Exercise:
Retype exactly what appears below from the line containing "Pinigų priėmimo kvitai, A5x2x50, be Nr. Pinigų" down to the line containing "USB-C към C", keeping both end lines. Do not include pictures.

Input data:
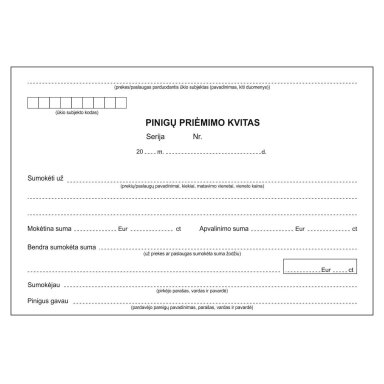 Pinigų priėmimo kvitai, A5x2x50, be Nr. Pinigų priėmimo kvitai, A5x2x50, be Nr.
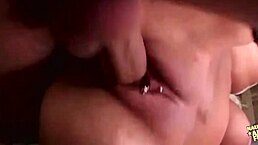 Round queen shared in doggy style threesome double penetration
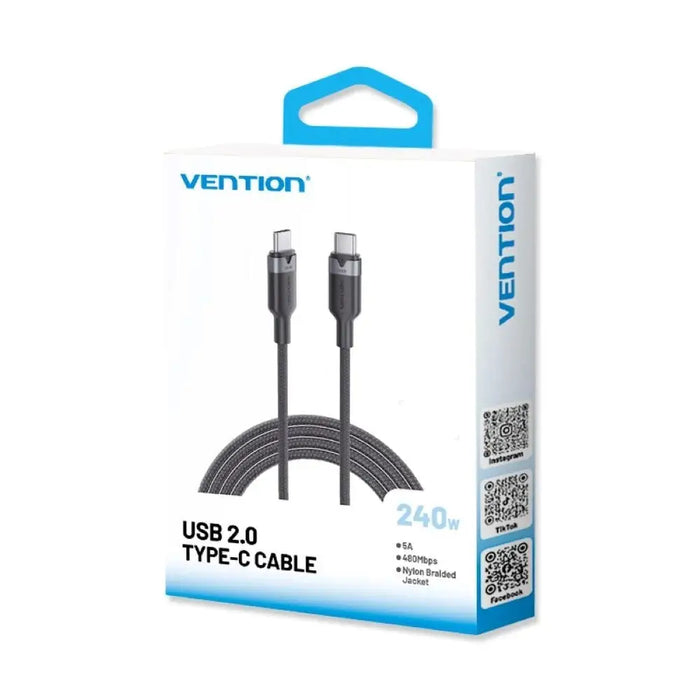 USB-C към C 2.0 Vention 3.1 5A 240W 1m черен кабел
---
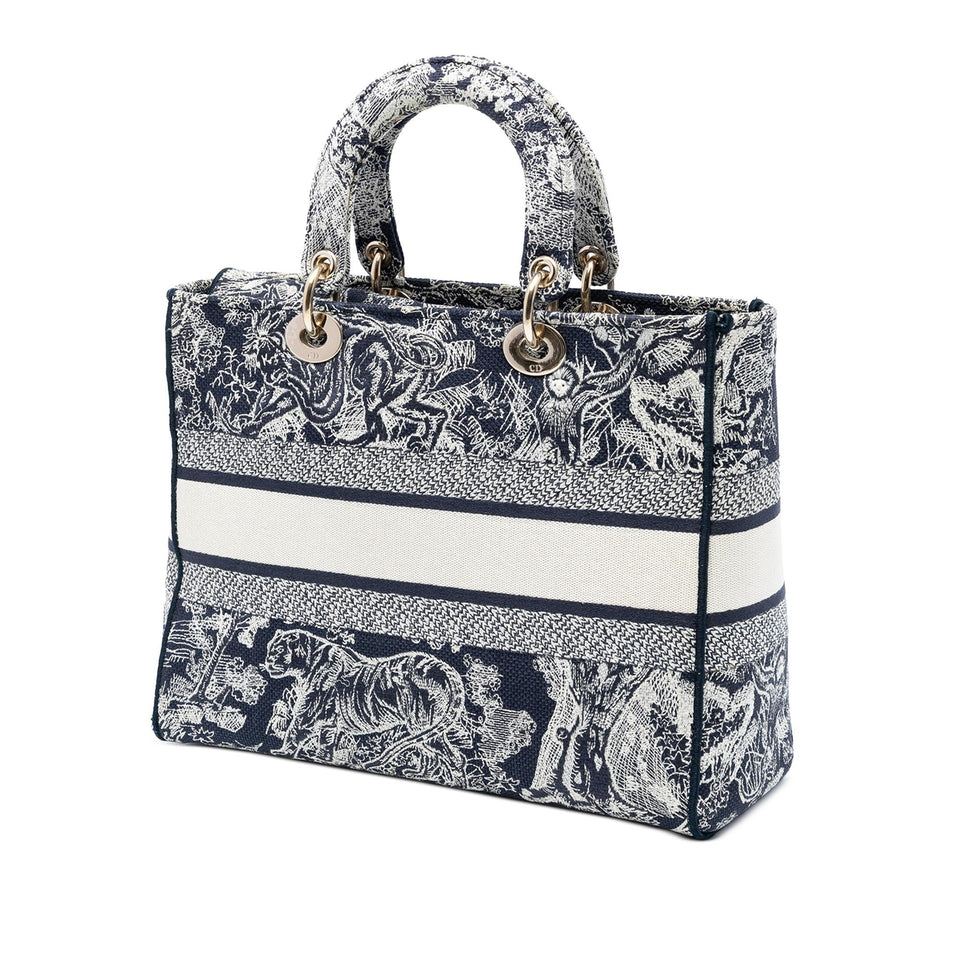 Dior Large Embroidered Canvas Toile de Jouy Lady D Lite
--
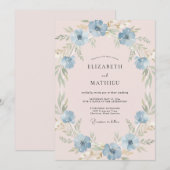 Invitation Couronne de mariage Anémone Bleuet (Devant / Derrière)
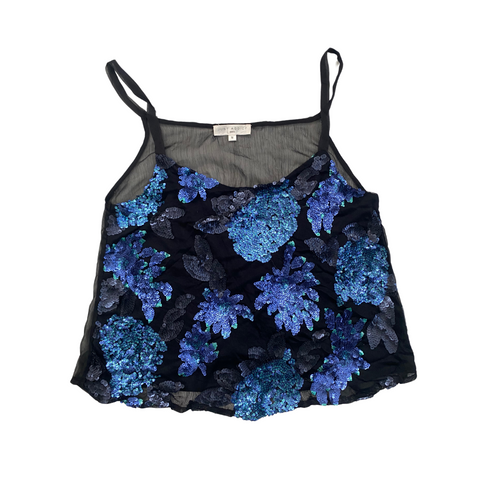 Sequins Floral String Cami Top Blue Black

Written answer:
 Pinigų priėmimo kvitai, A5x2x50, be Nr. Pinigų priėmimo kvitai, A5x2x50, be Nr.
 Round queen shared in doggy style threesome double penetration
 USB-C към C 2.0 Vention 3.1 5A 240W 1m черен кабел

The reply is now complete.